The GY-88 packages 3 popular sensors (technically more than 3, but I will cover that later) in a single convenient PCB. Each sensor measures a specific type of spacial data. The module contains a 6-axis accelerometer, a magnometer, and a barometer. All the sensors you need to create a Attitude and Heading Reference System (AHRS). In this post I will go over each sensor in more detail. I will also cover how it can be used to inform an Autonomous Vehicle Control System aimed at multi-rotor flight control.
The design for this module is based on the MPU6050, HMC5883L, and BMP085 sensors. This combination of sensors (or minor variations of it) have become the de facto standard for projects requiring spacial awareness such as autonomous vehicles, robotics, and Motion-based Human Interface Devices. I will be going over the first case here, but the information, concepts, and even some of the code, will translate to the others equally well.

The Sensors

While the package is marketed as a combination of the 3 sensors mentioned in the opening, it would be fair to say that it is technically 4-6 sensors.
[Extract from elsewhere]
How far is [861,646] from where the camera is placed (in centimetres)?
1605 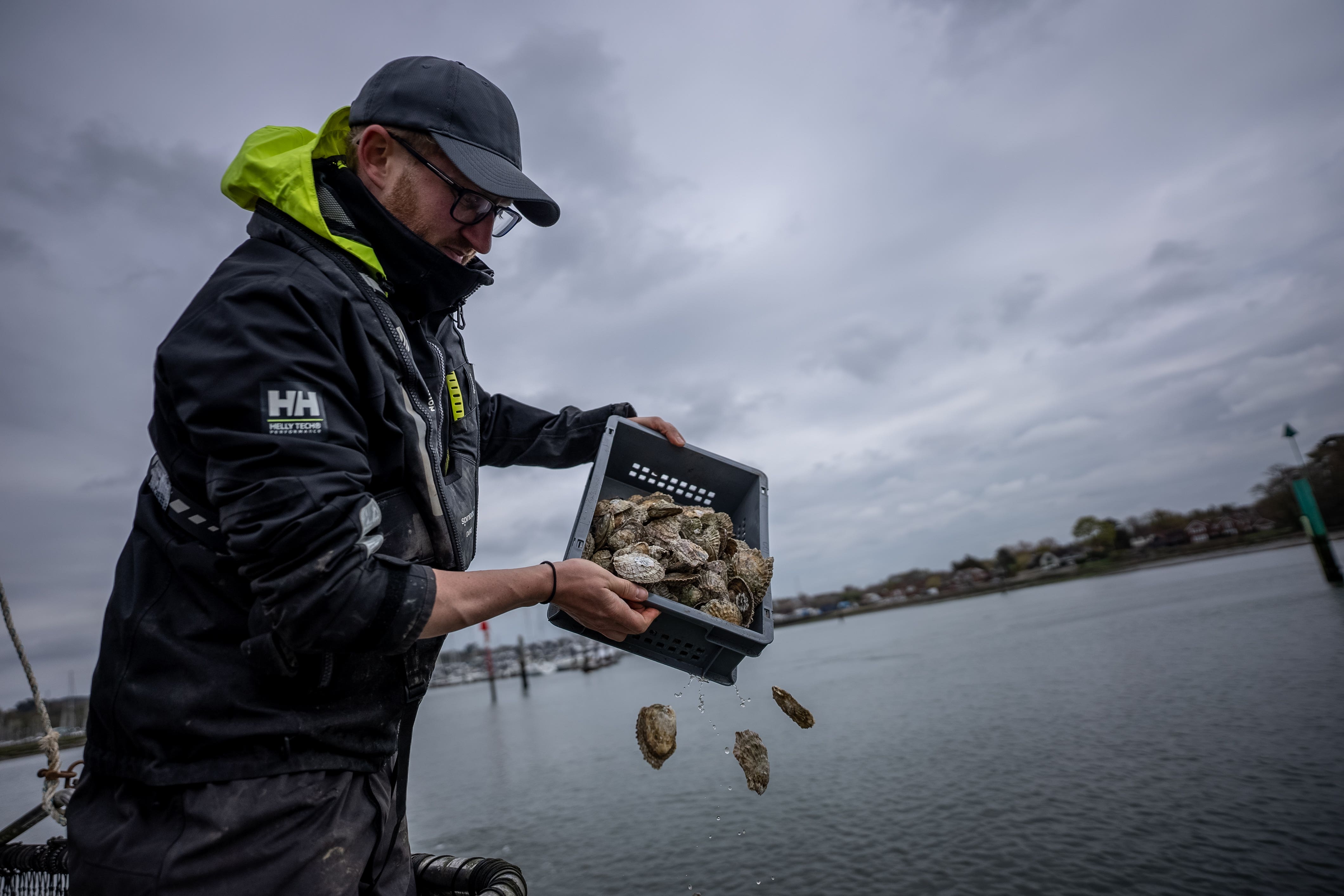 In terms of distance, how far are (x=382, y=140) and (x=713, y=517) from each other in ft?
6.62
You see, the MPU6050 is a '6-axis accelerometer' which really means a 3-axis accelerometer and a 3-axis gyroscope combined along the same axial orientation (more on this below). Since the accelerometer and the gyroscope measure different type of motion you can consider the gyroscope another sensor. Finally, both the MPU6050 and the BMP085 have a thermometer that is sometimes accessible (depending on the exact GY-* module you get). If you count each as it's own sensor you could say the module has 6 sensors. However, having 2 thermometers in such a small space isn't likely to give you more information so I could also see someone saying it is really only 5. Enough about how many sensors. Let's get down to what each one does in more detail.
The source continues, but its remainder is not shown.